Tuesday, March 30, 2010

The Swan Thieves - A Review

As a book reviewer for the Historical Novel Society Review (in print and online at www.historicalnovelsociety.org), I sometimes get really lucky and receive a great book that is more than just fun to read, it's a truly literary experience. That's the way I felt about Elizabeth Kostova's latest novel, The Swan Thieves, and this is what I wrote about it earlier this year for the HNS Review:


An enchanting story and a deeply human experience. At the end of it, one feels compelled to paint, or write, sing or make music, or simply live with greater intensity. The crisis of mind—and soul—of a famous artist that begins the story leads the narrator,  psychiatrist Andrew Marlow, on the reluctant hero’s journey as he unravels the haunting obsession that has caused his patient to attack a painting with a knife. Kostova deftly weaves two stories of love and art from the Impressionist era in Paris to contemporary rural Maine and New York.
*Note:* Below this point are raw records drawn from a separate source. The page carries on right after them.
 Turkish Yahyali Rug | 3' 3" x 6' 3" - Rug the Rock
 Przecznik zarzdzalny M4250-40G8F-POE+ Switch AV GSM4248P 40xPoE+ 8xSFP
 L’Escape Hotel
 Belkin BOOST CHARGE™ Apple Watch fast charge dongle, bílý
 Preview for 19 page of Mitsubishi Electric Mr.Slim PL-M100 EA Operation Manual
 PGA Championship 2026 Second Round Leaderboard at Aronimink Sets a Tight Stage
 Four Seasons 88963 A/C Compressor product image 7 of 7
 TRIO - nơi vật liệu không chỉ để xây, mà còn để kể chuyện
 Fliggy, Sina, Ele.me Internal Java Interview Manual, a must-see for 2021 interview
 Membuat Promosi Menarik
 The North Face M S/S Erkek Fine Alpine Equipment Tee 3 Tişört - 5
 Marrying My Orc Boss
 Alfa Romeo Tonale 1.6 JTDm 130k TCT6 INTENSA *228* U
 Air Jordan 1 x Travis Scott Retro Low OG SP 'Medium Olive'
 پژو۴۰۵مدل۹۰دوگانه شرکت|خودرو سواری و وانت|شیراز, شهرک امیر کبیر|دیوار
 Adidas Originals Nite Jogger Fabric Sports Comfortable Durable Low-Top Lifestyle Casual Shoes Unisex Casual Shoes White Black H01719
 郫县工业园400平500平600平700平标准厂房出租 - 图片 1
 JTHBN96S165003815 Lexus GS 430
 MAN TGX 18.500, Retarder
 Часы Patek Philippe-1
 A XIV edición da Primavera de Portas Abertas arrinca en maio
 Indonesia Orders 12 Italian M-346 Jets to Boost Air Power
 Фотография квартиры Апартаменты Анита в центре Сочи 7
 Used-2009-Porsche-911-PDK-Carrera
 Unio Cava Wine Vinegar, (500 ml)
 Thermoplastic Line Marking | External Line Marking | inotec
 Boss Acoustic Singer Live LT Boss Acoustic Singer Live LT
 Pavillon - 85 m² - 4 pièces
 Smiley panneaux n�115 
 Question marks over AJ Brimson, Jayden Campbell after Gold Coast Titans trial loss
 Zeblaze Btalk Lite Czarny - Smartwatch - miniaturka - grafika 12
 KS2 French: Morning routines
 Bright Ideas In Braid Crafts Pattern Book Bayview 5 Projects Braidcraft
The larger-than-life figure of Robert Oliver, the artist-patient, looms over the narratives of the women who have loved him and the doctor who is determined to free him from the silent cage he has chosen to inhabit.
Kostova’s writing is always good, and sometimes exquisite. Here’s a sentence describing how Andrew feels upon seeing his 90-year-old father for the first time in a few years: “When I saw him waiting for me in his good summer clothes…I felt as always both his reality and the thin air that would one day replace him.” She uses letters, narrative, dialogue and exposition with ease. The story is weighty, and moves slowly, thoughtfully—not a book to rush through, but to savor and ponder as you read it.
There is a little unsteadiness in the plot. The fortuitous connections seem just a touch too easy, and the last chapters almost rush to the conclusion. But these are minor issues compared to the over-arching quality of the writing and the humanity of the characters. The Swan Thieves is a deeply involving story, and one that will resonate for a long time after you’ve closed the book, like the sound of a very old church bell at dusk.